• **What is required**:
Would you return each record that follows word for word, without its pictures?

• **Records supplied**:
%%
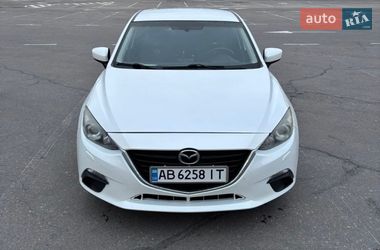Седан Mazda 3 2015 в Киеве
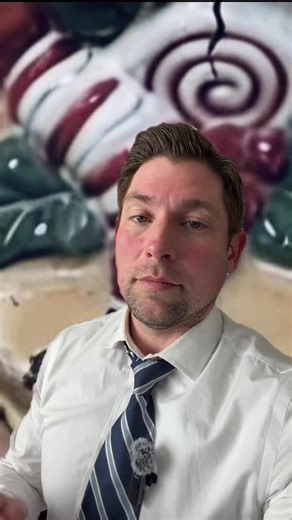 People are using AI to steal from sellers on eBay. Look at what happened in this example. Two different photos with some obvious differences. Be careful you sellers! #ebayscam #ebayseller #reseller #resellercommunity #scams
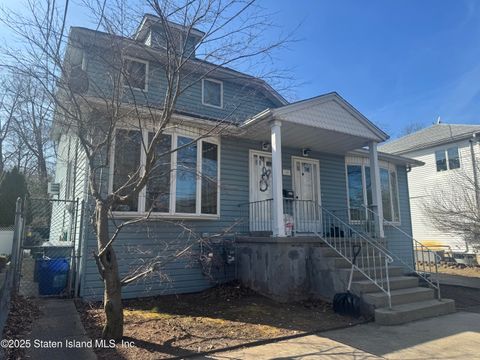 Photo of 180 Bayview Avenue, Staten Island, NY 10309 (MLS # 2501366)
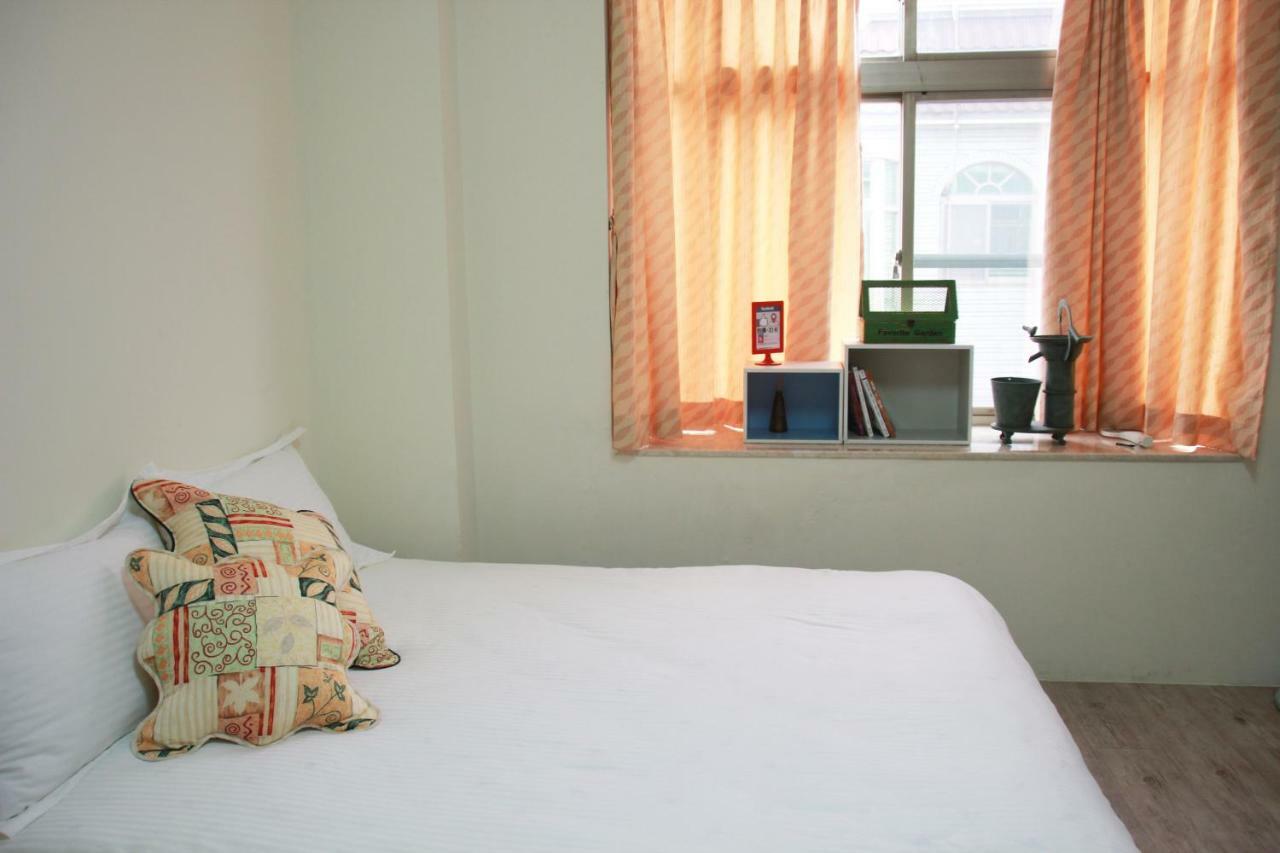 Flower Lane 650 Appartement Tainan Buitenkant foto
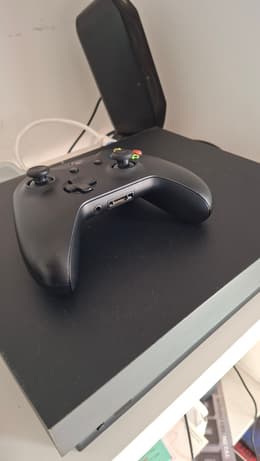 Cheap Refurbished Xbox One X Deals | Back Market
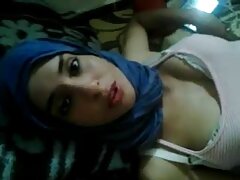 Adria Rae a l'air ravissante pendant que Pecker lui martèle la chatte et la bouche french porn amateur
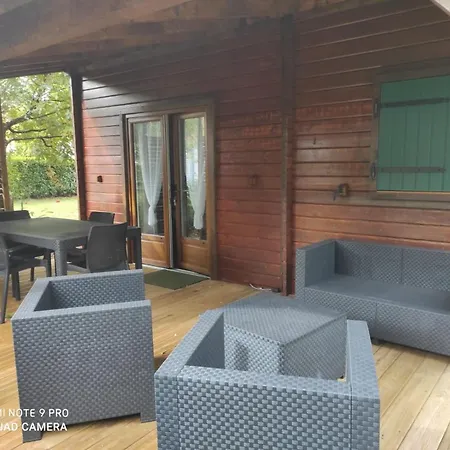 Chalet Calme Et Agreable Parentis-en-Born Exterior photo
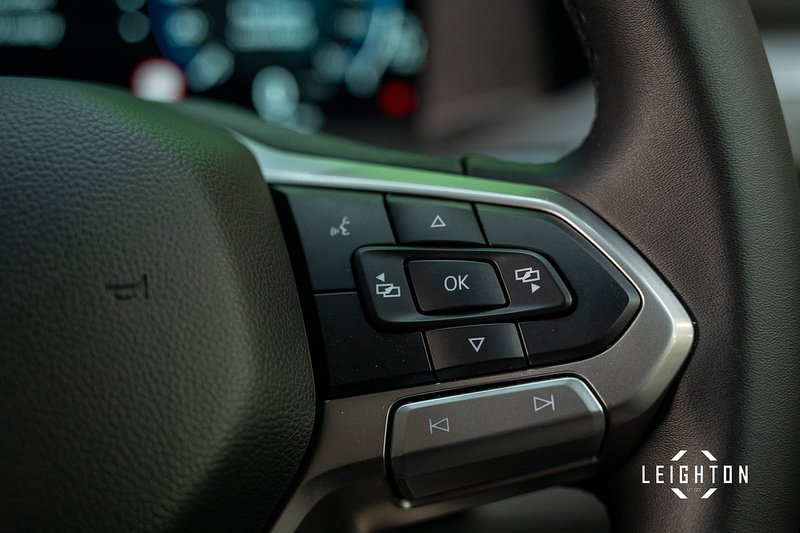 Volkswagen Transporter 2.0 T32 Diesel 150ps Auto 4Motion Kombi LWB - N5138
%%
• **Worked solution**:
Седан Mazda 3 2015 в Киеве
 People are using AI to steal from sellers on eBay. Look at what happened in this example. Two different photos with some obvious differences. Be careful you sellers! #ebayscam #ebayseller #reseller #resellercommunity #scams
 Photo of 180 Bayview Avenue, Staten Island, NY 10309 (MLS # 2501366)
 Flower Lane 650 Appartement Tainan Buitenkant foto
 Cheap Refurbished Xbox One X Deals | Back Market
 Adria Rae a l'air ravissante pendant que Pecker lui martèle la chatte et la bouche french porn amateur
 Chalet Calme Et Agreable Parentis-en-Born Exterior photo
 Volkswagen Transporter 2.0 T32 Diesel 150ps Auto 4Motion Kombi LWB - N5138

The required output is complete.